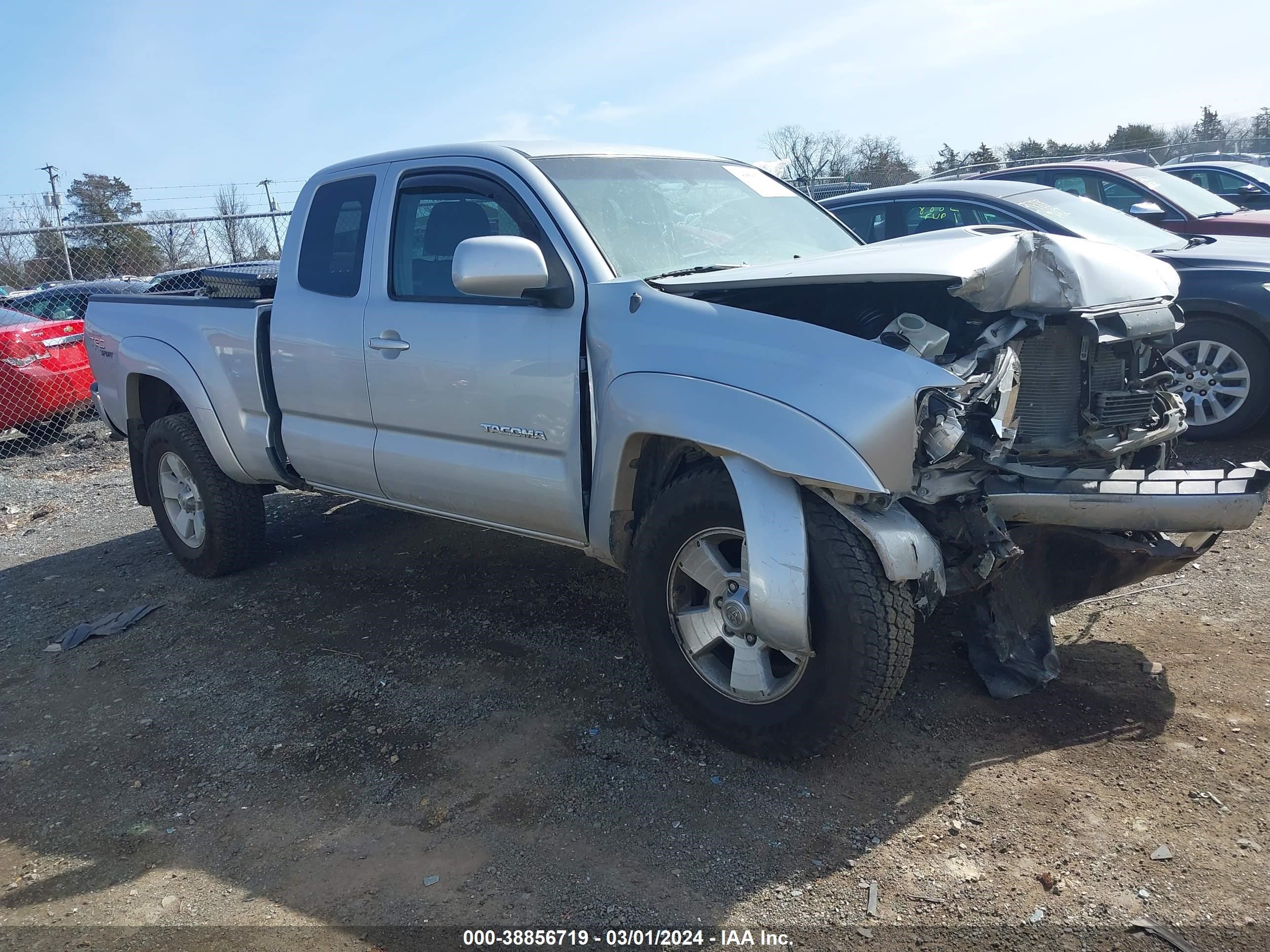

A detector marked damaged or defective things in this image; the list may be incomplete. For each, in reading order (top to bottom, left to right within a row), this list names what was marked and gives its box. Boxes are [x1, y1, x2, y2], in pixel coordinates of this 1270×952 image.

damaged hood [655, 227, 1178, 313]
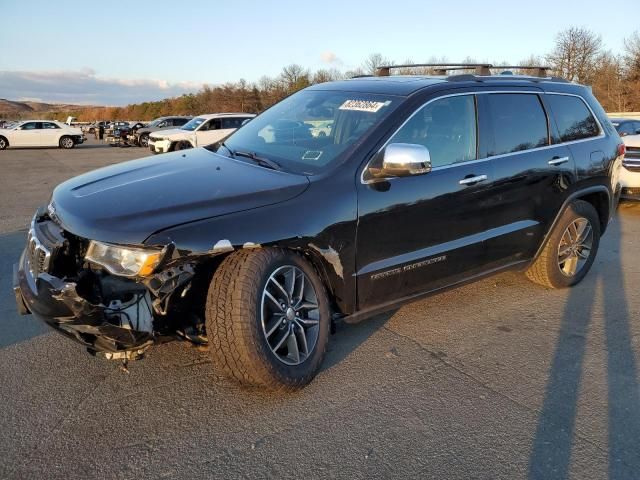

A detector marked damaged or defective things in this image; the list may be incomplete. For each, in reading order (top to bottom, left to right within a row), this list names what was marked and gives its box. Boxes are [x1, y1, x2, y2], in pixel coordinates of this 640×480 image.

damaged front bumper [14, 248, 154, 356]
broken headlight [85, 240, 165, 278]
cracked asphalt [1, 137, 640, 478]
exposed wheel well [576, 190, 608, 233]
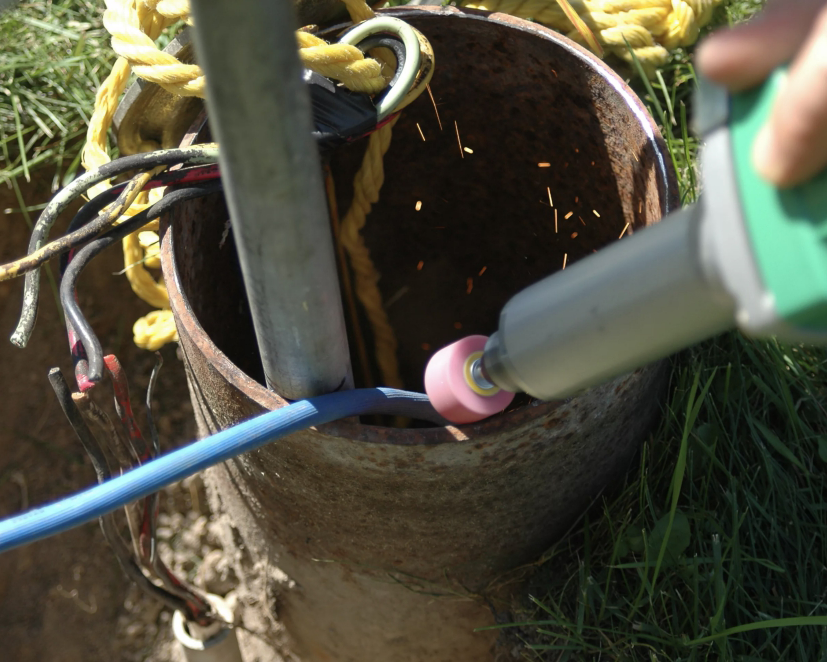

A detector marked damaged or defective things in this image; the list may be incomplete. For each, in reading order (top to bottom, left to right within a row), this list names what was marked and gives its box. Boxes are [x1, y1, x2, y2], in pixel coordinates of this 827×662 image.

rusty metal pipe [189, 0, 354, 400]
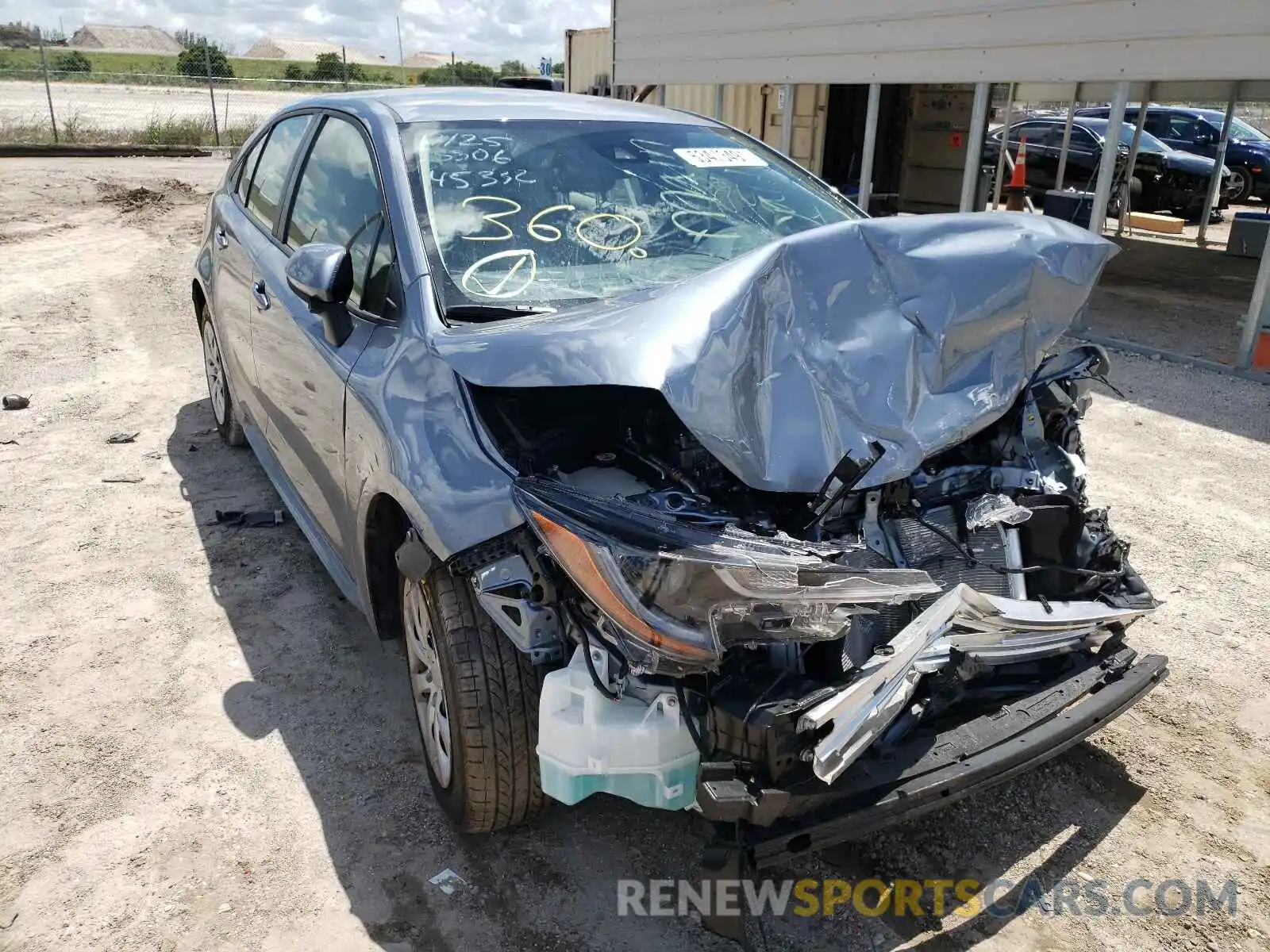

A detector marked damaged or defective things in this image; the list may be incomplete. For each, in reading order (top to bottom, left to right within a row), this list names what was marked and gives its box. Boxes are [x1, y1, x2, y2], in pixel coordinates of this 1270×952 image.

crushed hood [432, 213, 1118, 495]
severely damaged car [194, 89, 1168, 939]
shattered headlight [511, 479, 940, 673]
destroyed front bumper [698, 647, 1168, 869]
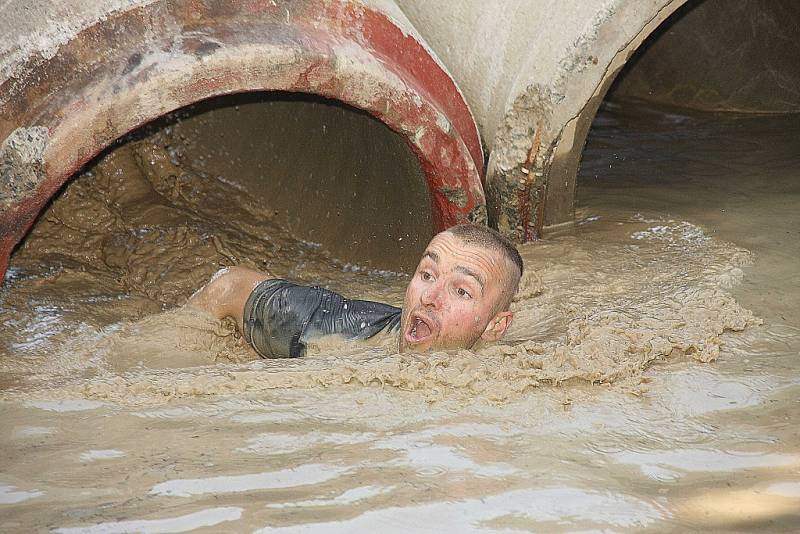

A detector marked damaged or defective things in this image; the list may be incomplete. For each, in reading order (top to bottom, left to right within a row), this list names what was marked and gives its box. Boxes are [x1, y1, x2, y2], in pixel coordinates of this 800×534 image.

rust on pipe [0, 0, 484, 282]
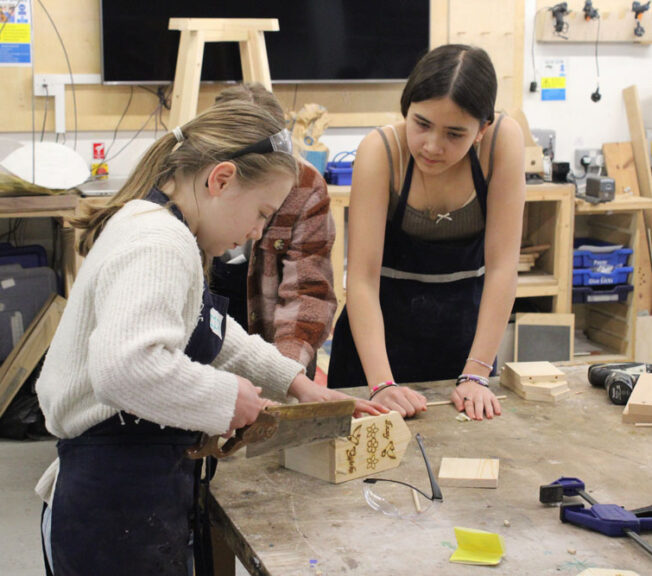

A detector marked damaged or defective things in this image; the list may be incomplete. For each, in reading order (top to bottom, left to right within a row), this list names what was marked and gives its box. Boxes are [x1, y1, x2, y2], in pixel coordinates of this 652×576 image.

wooden block with burned design [282, 412, 410, 484]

-.-.-

What you will do
From the line containing "this 800×534 image." to the last line of the records above, return each line exactly, both ends included, and nothing more. Leave out the pictures.

Worked solution
A detector marked damaged or defective things in this image; the list may be incomplete. For each, in reading order (top to bottom, left to right within a row), this list names what was marked and gives its box. Boxes are [x1, y1, x2, y2], in pixel coordinates of this 800×534 image.

rust on pipe [0, 0, 484, 282]

A detector marked damaged or defective things in this image; the list may be incomplete. For each, in reading order (top to bottom, left to right within a row), this list names what was marked and gives its box. Boxes are [x1, y1, x2, y2], in pixel coordinates of this 652×576 image.

wooden block with burned design [282, 412, 410, 484]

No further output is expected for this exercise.